What stores are you eliminating?

If it it's the stores at 1, 2, and 3, then for sure, the correct defining
access is *not* "3 = MemoryDef".

It's going to be "liveOnEntry" after you kill the stores.

Then, RAUW on each of the MemoryDef's works fine, and you removeAccess them.

  define void @foo(i64* nocapture %P, i64* %Q) {
  entry:
    %0 = bitcast i64* %P to i16*
    %arrayidx = getelementptr inbounds i16, i16* %0, i64 1
    %1 = bitcast i16* %arrayidx to i32*
    %arrayidx1 = getelementptr inbounds i16, i16* %0, i64 3
  ; 1 = MemoryDef(liveOnEntry)
    store i16 0, i16* %0, align 2
  ; 2 = MemoryDef(1)
    store i32 0, i32* %1, align 4
  ; 3 = MemoryDef(2)
    store i16 0, i16* %arrayidx1, align 2

  ; 5 = MemoryDef(3)
    call void @llvm.memset.p0i8.i64(i8* %2, i8 0, i64 8, i32 2, i1 false)
; new

  ; 4 = MemoryDef(3)
    store i64 0, i64* %Q
    ret void
  }

This is already problematic because there's no way to selectively update
the
post-5 MemoryDefs that point to 5 instead of 3. Calling RAUW --
specifically,
replacing all uses of 3 with 5 -- would result in this:

I'm aware the existing APIs will not do what you want, because, as i said,
they are specifically and documented to only be meant for replacement.

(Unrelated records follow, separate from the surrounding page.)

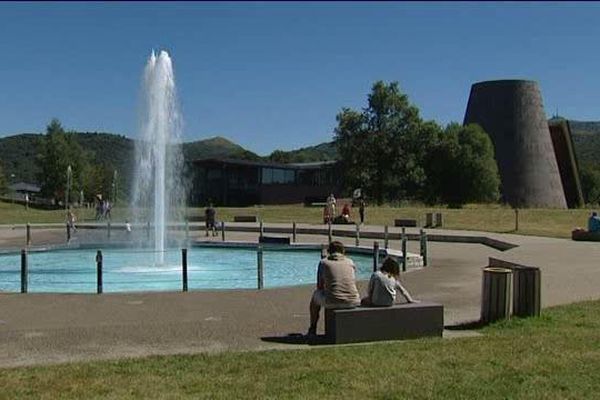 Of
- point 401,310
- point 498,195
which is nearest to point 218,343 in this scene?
point 401,310

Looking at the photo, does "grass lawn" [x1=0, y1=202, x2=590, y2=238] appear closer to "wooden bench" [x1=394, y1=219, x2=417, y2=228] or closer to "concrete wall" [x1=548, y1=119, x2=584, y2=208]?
"wooden bench" [x1=394, y1=219, x2=417, y2=228]

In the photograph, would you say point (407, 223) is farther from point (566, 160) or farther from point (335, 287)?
point (566, 160)

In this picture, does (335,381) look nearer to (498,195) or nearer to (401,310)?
(401,310)

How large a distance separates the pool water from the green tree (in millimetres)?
63275

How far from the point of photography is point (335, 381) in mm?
7047

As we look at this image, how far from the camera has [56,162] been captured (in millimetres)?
87750

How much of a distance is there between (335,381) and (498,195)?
68.5 metres

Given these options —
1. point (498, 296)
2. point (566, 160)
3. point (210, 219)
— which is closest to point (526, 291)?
point (498, 296)

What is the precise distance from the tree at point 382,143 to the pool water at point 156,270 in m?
47.9

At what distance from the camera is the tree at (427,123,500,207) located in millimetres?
70812

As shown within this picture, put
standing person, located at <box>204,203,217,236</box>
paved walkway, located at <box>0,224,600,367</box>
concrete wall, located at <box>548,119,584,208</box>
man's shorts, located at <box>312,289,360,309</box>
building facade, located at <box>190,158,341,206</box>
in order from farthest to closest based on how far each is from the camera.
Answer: concrete wall, located at <box>548,119,584,208</box>, building facade, located at <box>190,158,341,206</box>, standing person, located at <box>204,203,217,236</box>, man's shorts, located at <box>312,289,360,309</box>, paved walkway, located at <box>0,224,600,367</box>

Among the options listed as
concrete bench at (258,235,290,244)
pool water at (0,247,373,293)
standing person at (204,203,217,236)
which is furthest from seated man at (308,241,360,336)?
standing person at (204,203,217,236)

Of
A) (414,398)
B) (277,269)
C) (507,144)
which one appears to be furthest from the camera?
(507,144)

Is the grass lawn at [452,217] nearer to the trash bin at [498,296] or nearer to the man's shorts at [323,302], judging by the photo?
the trash bin at [498,296] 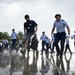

When i originally had API's to allow for more direct manipulation, folks
instead said "please build utilities to make common transforms work".

Thus, the existing API's make *replacement* work.

No amount of futzing is going to make them work well for insertion.

If you want on the fly updating for stores, where you aren't doing
replacement, that's quite expensive.

MemCpyOpt is mostly doing replacement, however, and you can make them work
if you actually do replacement as replacement.

This likely requires rethinking memcpyopt a bit.

If you want on the fly updating for stores, where you aren't doing
replacement, that's quite expensive.

And FWIW: The *only* passes that actually require it are those doing real
instrumentation.
(IE none of our optimization passes, even those like GVN, need this).